● **Exercise description**: Find the line with "Adhan Pink Aztec" and the line with "Emile Durkheim selected writings" in the entries below; output exactly those two lines, every line between them, and no others.

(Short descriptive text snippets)
--- --- ---

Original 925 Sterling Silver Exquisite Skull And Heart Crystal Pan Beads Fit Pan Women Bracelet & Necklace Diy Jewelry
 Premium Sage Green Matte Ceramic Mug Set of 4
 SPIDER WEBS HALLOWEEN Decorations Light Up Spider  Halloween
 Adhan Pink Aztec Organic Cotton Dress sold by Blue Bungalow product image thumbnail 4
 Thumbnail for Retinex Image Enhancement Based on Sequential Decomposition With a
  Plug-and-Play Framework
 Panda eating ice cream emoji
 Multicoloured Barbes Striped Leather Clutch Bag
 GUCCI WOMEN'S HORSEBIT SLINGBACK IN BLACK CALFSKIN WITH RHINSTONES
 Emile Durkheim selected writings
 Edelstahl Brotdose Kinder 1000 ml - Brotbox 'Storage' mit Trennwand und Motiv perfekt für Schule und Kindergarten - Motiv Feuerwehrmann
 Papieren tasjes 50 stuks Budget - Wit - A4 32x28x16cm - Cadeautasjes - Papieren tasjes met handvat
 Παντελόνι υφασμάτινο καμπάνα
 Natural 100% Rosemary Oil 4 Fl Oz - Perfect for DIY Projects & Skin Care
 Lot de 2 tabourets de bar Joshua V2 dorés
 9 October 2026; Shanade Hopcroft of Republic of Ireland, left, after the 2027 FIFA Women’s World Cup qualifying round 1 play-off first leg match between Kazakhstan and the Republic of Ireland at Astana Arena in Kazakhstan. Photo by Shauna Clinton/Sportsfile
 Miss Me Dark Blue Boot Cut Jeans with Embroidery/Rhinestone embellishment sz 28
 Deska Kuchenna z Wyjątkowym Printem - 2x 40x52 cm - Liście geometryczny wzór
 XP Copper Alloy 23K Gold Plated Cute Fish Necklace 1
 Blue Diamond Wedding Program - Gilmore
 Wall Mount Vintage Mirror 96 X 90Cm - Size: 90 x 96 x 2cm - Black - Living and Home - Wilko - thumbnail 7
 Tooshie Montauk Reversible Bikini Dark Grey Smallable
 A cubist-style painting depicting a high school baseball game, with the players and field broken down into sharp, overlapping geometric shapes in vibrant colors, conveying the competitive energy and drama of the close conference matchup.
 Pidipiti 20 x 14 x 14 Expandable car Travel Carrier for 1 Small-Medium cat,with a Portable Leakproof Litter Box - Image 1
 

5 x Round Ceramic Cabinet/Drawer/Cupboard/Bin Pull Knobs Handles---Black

--- --- ---

● **Finished exercise**:
 Adhan Pink Aztec Organic Cotton Dress sold by Blue Bungalow product image thumbnail 4
 Thumbnail for Retinex Image Enhancement Based on Sequential Decomposition With a
  Plug-and-Play Framework
 Panda eating ice cream emoji
 Multicoloured Barbes Striped Leather Clutch Bag
 GUCCI WOMEN'S HORSEBIT SLINGBACK IN BLACK CALFSKIN WITH RHINSTONES
 Emile Durkheim selected writings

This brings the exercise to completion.